Tratado, em grande parte, de maneira científica - ou tentando passar esta imagem -, o filme tem pelo menos três linhas narrativas distintas - a saga do padre Lankester Merrin (Max Von Sydow, de Hannah e suas Irmãs) como escavador de relíquias no Iraque, os dilemas passados pelo padre e psiquiatra Damian Karras (Jason Miller) e a rotina familiar de Chris (Ellen Burstyn, de Réquiem para um Sonho) e Regan MacNeil (Linda Blair), que virá a ser afetada pela presença da entidade demoníaca -, mas que nunca deixam de se relacionar ou de despertar menos interesse. O peso dramática de cada uma delas é inquestionável e tanto Friedkin quanto Blatty conseguem extrair ao máximo a tensão e a organicidade do elenco, que é, sem sombra de dúvidas, um dos grandes responsáveis pela qualidade absurda da obra.

Mesmo tendo um elenco afiado praticamente de forma equânime, sinto a necessidade de destacar as performances do quarteto dito principal do filme: Ellen Burstyn, Linda Blair, Max Von Sydow e Jason Miller. A entrega dos quatro é de saltar os olhos, pois o que é visto em tela é uma mãe e uma filha que se amam e que, pouco a pouco, vão sendo afastadas devido a presença do ente maligno - o que, no fim das contas, sagra-se como uma excelente metáfora acerca da força do seio familiar, em especial ao vínculo entre pais e filhos -, um homem cuja fé está abalada, especialmente apos a perda da mãe (mais uma vez o núcleo família aparece com força), mas que buscará a superação/rendição e, por fim, um homem que vem buscando há tempos a resolução de um conflito interno que possivelmente está relacionado ao mal que contamina as personagens de Burstyn e Blair, mas que no momento encontra-se extremamente combalido e desgastado (o background do Padre Merrin é pouco trabalhado de forma explícita, mas os maneirismos empregados por Von Sydow sugerem que este esgotamento passado pelo personagem advém de uma busca longa e árdua por respostas, tanto é que o mesmo fica terrivelmente assustado quando descobre uma peça fundamental durante uma de suas escavações). Este quarteto é, sempre de dúvidas, o coração da obra, pois é através da crença em seus "desarranjos pessoais" que o espectador é convencido a entrar de cabeça neste misto de drama e fantasia de horror, que soa crível e, principalmente, acreditável.

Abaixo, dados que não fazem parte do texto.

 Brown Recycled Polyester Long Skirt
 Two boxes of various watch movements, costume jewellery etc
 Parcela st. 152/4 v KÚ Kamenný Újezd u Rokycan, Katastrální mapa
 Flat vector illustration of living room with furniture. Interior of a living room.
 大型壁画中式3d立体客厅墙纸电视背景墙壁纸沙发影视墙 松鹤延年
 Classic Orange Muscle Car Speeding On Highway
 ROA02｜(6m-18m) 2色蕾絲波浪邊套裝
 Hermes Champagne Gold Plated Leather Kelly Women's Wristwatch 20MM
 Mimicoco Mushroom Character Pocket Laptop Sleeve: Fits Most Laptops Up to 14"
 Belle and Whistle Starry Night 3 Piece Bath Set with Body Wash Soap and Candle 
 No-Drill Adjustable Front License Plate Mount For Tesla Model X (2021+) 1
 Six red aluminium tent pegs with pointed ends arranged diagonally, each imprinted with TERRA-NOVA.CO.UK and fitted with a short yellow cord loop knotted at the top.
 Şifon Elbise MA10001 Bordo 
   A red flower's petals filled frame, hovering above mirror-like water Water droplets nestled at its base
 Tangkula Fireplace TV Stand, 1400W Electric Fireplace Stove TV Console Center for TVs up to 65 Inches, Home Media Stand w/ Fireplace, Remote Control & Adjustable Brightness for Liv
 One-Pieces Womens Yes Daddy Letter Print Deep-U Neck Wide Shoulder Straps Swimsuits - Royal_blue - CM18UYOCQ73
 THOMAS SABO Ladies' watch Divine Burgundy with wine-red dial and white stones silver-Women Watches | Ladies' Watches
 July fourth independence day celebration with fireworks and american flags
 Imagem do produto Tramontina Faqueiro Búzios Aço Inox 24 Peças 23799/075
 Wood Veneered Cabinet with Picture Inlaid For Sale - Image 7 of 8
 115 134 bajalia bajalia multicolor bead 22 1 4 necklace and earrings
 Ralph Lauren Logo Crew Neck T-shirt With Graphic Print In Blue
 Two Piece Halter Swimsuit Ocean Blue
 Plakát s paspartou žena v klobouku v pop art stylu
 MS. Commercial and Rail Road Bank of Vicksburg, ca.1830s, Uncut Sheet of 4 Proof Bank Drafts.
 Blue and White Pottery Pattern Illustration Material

Certamente há muito mais a discorrer acerca desse marco do cinema moderno (que permanece insuperável até hoje), tanto do ponto de vista técnico (Friedkin conduz sua equipe à perfeição, sagrando-se inquestionavelmente como um grande líder) quanto do ponto de vista conceitual (os esforços combinados para a feitura deste filme praticamente inauguraram um novo gênero cinematográfico, além de ter sedimentado a maturidade ao gênero horror), contudo, muito do que é exposto e despertado pelo filme são sustentados como potência quando em caráter subjetivo, pessoal, através da abstração do indivíduo, o que, de certa forma, tornar-se-ia praticamente impossível de ser transposto em texto. O que é, ao meu ver, inquestionável é que O Exorcista é mais do que um simples filme de horror, pois trata do medo através da construção do mesmo, estimula debates e, mesmo tendo um desfecho, deixa perguntas no ar, pois o mal permanece vivo e, vez ou outra, pode adquirir a forma de uma doce e inocente criança de 12 anos de idade. Duvidas?

Obs.: A versão assistida foi a do diretor, lançada nos cinemas em 2000 e disponibilizada em home video logo em seguida. Esta versão contém aproximadamente nove minutos a mais do que a original de 1973.